■ **WHAT THIS TASK INVOLVES**
Each line, starting at the one with "Venta De Casa En Moreno, Calle El Salvador" and running to the end of the data below, is to be set down again exactly, both ends included; leave pictures out.

■ **SOURCE DATA**
######
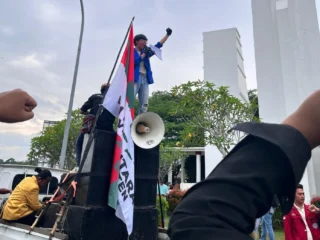 Demo Mahasiswa Warnai Setahun Kepemimpinan Gubernur Banten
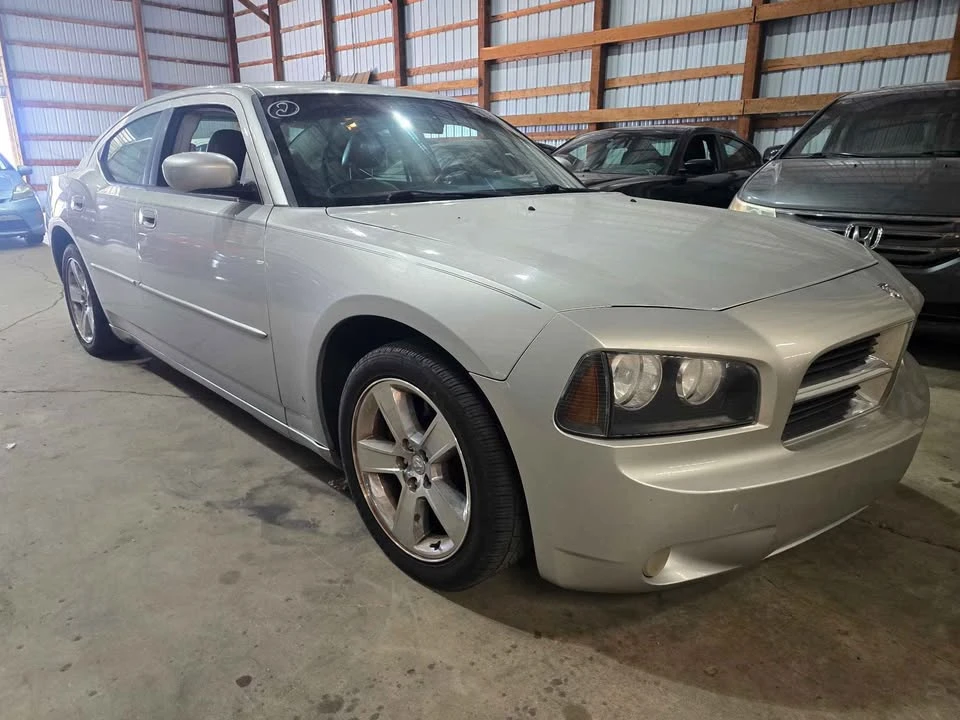 2009 Dodge Charger 6th Gen - Image 2 of 8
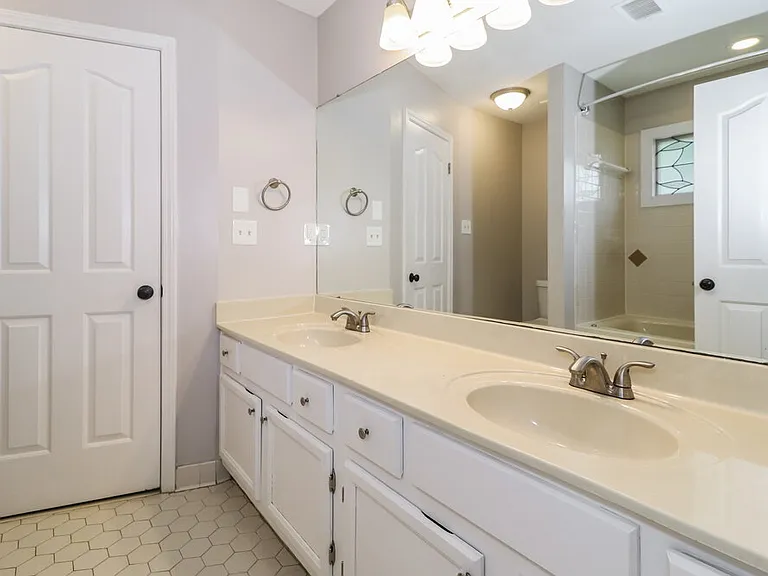 1366 Sandy Stone Ln — Photo 11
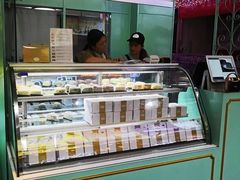 -泰龙城小吃街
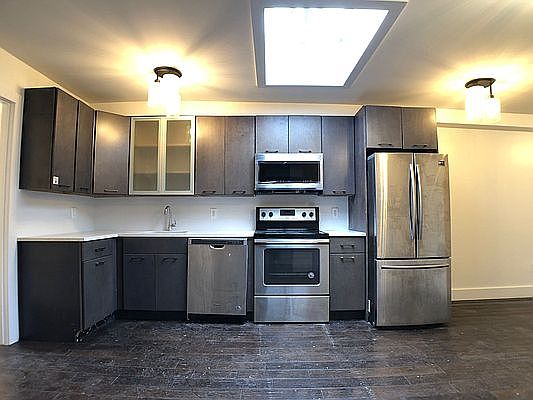 3rd image of 806 Lexington Ave #4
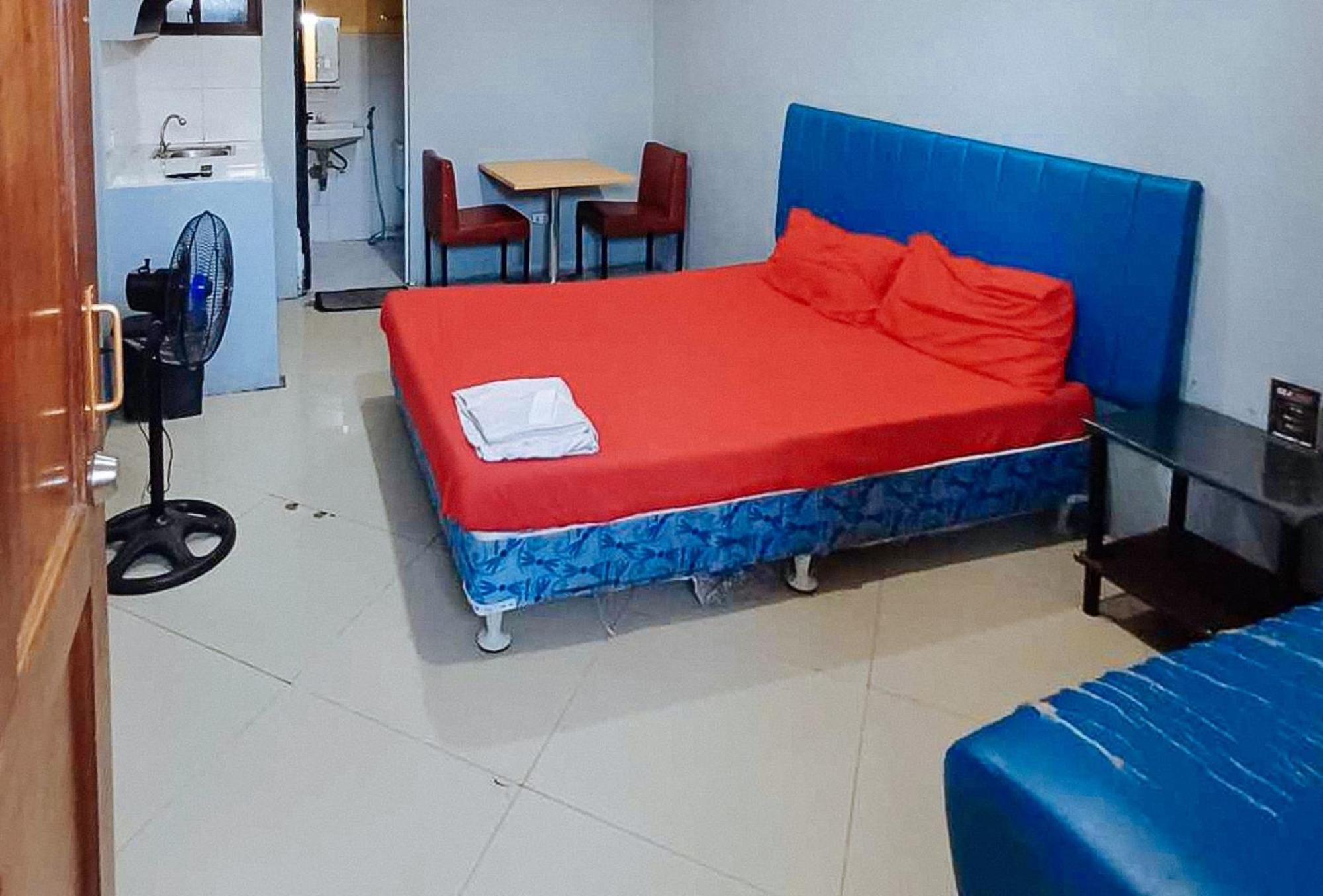 Reddoorz At V-Cat Apartelle Sampaloc Manila Zewnętrze zdjęcie
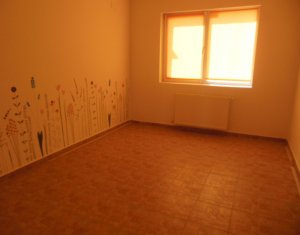Bureau à louer dans Cluj-napoca, zone Floresti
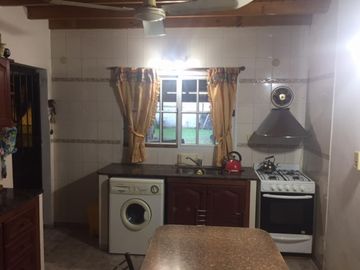Venta De Casa En Moreno, Calle El Salvador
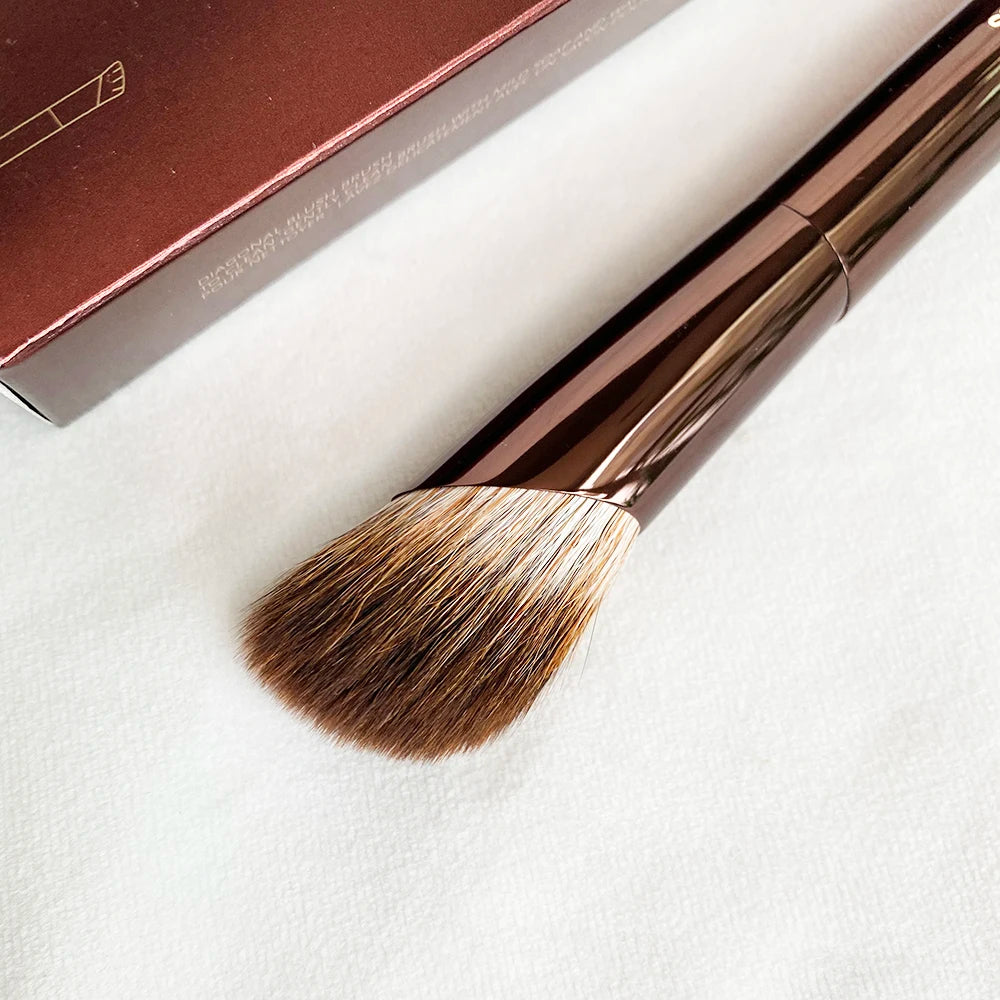 Diagonal Blush Brush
######
■ **OUTPUT FOR THIS EXERCISE**
Venta De Casa En Moreno, Calle El Salvador
 Diagonal Blush Brush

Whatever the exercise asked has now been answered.